# Horrendous Purchase: Have A Guess.



## Silver Hawk (Dec 2, 2003)

Can you guess what it is? Not arrived yet from the EU, so keep guessing until I post the pictures







.




It's horrible but a grail for an electric collector

It has a battery

It has an ESA balance wheel movement

It has a chromed base metal case :down:

To my knowledge, no other watch maker used this ESA movement

It is not on my website so don't bother looking

It cost me a lot 

It truly is rare

Watch maker had duel American/Swiss nationality.
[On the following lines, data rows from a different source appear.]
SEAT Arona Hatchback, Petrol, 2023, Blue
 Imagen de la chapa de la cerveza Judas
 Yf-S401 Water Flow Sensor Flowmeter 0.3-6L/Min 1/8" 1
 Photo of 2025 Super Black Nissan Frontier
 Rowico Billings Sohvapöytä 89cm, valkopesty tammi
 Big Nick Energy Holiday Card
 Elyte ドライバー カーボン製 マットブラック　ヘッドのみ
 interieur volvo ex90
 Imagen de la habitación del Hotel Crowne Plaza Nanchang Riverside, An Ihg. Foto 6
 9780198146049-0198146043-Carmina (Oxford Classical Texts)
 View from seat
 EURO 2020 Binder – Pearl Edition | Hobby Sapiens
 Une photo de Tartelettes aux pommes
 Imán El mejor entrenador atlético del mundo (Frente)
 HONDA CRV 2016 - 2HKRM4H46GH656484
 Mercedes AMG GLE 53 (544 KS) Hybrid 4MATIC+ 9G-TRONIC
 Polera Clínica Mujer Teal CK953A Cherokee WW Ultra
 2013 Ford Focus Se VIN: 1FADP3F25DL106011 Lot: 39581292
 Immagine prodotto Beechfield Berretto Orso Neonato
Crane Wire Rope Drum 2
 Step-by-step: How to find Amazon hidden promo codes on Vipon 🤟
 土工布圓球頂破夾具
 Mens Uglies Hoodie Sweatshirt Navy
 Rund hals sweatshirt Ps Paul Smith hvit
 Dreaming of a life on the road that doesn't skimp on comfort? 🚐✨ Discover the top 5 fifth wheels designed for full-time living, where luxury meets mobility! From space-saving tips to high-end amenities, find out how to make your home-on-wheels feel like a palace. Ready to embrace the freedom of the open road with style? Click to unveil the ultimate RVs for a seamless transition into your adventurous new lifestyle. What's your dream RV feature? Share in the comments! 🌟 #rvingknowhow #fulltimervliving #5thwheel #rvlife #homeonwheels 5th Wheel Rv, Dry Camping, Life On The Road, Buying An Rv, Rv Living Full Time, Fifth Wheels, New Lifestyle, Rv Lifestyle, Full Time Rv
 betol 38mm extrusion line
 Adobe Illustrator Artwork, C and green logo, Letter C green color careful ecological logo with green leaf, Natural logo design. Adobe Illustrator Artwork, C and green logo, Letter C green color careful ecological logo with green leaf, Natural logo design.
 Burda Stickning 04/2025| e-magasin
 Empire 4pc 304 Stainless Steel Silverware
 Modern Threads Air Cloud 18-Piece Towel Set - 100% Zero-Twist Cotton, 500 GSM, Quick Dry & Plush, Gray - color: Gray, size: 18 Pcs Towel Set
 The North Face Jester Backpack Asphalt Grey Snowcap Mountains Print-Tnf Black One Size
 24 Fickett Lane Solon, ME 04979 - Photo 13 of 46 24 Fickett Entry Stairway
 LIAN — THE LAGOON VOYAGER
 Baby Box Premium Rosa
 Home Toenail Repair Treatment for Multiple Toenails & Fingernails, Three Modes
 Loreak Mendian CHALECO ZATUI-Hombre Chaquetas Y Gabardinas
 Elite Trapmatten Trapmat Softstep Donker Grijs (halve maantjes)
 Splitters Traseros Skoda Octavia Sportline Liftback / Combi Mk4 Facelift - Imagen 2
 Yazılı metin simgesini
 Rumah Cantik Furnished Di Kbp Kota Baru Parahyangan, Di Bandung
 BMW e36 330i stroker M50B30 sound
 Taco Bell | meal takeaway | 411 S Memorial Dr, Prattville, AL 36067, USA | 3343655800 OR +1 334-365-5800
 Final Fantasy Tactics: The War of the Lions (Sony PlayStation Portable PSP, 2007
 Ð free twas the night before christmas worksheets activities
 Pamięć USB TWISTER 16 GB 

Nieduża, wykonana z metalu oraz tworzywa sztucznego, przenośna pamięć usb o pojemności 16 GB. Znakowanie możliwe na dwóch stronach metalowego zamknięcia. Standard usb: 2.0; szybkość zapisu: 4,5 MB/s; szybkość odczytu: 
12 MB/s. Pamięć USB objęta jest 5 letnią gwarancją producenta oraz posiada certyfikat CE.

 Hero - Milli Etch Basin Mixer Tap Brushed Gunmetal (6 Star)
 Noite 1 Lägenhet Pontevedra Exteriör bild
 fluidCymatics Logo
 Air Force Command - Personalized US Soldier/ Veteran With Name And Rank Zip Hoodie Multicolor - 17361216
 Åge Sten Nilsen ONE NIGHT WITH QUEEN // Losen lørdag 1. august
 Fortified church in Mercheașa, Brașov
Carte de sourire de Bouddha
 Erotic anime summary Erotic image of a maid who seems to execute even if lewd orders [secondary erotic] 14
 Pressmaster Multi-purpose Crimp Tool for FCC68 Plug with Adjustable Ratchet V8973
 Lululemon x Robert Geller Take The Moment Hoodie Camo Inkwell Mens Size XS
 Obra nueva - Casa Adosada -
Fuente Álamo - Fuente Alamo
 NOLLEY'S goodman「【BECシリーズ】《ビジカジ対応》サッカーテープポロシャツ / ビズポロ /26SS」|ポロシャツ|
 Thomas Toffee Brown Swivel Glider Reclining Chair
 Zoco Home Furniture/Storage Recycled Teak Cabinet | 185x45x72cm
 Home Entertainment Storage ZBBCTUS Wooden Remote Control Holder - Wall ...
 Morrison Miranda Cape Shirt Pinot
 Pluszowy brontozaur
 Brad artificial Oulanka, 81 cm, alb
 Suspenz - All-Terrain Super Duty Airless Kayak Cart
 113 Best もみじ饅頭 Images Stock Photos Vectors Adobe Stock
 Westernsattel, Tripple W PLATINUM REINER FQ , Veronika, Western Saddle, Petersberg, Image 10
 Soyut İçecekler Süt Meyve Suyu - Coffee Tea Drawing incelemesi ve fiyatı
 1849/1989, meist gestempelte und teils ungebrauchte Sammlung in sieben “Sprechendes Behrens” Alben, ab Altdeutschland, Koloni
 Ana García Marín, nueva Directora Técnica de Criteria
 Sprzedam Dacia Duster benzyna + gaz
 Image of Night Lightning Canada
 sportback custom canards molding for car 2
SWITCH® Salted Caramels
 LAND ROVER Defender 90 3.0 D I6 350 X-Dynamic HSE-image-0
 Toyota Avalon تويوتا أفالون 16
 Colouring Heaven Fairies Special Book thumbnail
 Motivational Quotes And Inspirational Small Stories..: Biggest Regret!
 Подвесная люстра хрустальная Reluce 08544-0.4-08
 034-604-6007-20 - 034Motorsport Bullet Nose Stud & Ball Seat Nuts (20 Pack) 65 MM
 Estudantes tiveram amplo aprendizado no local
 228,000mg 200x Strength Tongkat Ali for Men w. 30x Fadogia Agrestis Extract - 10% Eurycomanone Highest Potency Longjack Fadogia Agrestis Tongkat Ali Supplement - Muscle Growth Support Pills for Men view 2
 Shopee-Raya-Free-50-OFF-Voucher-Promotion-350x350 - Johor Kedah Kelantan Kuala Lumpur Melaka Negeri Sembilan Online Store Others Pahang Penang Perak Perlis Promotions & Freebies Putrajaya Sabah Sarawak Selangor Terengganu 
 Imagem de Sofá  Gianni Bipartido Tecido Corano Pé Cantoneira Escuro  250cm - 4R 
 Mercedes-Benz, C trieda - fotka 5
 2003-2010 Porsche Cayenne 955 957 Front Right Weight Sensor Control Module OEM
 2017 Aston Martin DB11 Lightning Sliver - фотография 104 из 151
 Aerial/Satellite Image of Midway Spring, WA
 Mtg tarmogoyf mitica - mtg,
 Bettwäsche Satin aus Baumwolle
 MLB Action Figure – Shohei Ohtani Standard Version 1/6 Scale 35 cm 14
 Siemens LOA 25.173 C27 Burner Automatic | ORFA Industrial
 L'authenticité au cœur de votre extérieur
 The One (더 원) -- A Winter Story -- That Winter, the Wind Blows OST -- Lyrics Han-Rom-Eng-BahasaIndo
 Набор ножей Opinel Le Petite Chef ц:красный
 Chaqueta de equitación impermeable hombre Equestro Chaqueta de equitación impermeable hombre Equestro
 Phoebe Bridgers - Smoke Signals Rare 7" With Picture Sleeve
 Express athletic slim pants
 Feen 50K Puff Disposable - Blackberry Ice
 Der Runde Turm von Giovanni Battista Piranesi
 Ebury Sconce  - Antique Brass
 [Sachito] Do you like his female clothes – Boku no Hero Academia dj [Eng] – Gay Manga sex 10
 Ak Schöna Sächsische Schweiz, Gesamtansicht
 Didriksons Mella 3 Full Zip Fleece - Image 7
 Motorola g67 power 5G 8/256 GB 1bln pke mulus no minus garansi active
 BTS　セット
Bill (watchnutz) is excluded from this because he's partly responsible for me buying it.... :taz: :lol:


----------



## jasonm (Nov 22, 2003)

Bulova wotnot?


----------



## Silver Hawk (Dec 2, 2003)

jasonm said:


> Bulova wotnot?


Is that a guess based on the last bullet? Sorry, I'm sure Bulova never used any ESA balance wheel movements...they were too wrapped up with their tuning forks...


----------



## jasonm (Nov 22, 2003)

It was....Ill think on....


----------



## andy s (Jan 25, 2009)

Elgin wotnot?


----------



## Silver Hawk (Dec 2, 2003)

andy s said:


> Elgin wotnot?


Nope...good try though...since I still don't have an Elgin 725  :sadwalk:


----------



## mel (Dec 6, 2006)

It's that one you've wanted for a while - but you don't really want it because the cases are bog rotten, and the movements don't work very well, and it was a cheap nasty failure at the time - and I've got an idea what it might be, but I'll hold off till you tell us and post the picture(s) before and after! :lol:

{scrub that last bit, really haven't a Scooby)


----------



## Silver Hawk (Dec 2, 2003)

mel said:


> ...but you don't really want it because the cases are bog rotten...


Yes, thats the one. But you have to name it Mel. :lol:


----------



## watchnutz (Jan 18, 2008)

Misery loves company. :yes:

I also dropped a bundle with the same seller for a different electric grail with an obscure ESA movement. :wallbash:


----------



## squareleg (Mar 6, 2008)

Swiss / American nationality would make it a Hamilton? :dntknw: So my guess is an original Ventura (or similar) - though I have no idea what movement they used for those.


----------



## mel (Dec 6, 2006)

Naaah! Can't be a Ventura - Paul and Bill own the world's stock of those already between them - it's an obscure Timex prototype (M40) - or a ? ? ? - actually I wish I could remember the name of the thing - Paul's talked about it before I'm sure, but I'm darned if I can think of the name









Is it an Epperlein Paul?


----------



## Silver Hawk (Dec 2, 2003)

squareleg said:


> Swiss / American nationality would make it a Hamilton?


Nope...sorry.



mel said:


> Paul's talked about it before I'm sure, but I'm darned if I can think of the name


No, Mel...not talked about this one before...and no, not the Epperlein.


----------



## dombox40 (Oct 20, 2008)

If it,s a nasty piece of work is it eastern european because they usualy are.


----------



## mel (Dec 6, 2006)

I'm waiting - still waiting for the reveal! :yes:

(and I don't want any of your *"LIP"* about "how do you keep an idiot in suspense", just get a piccie posted asap!)


----------



## Silver Hawk (Dec 2, 2003)

mel said:


> I'm waiting - still waiting for the reveal! :yes:


I can't do a reveal until I get my grubby hands on it...so maybe week beginning 14th if the EU postie does his or her job.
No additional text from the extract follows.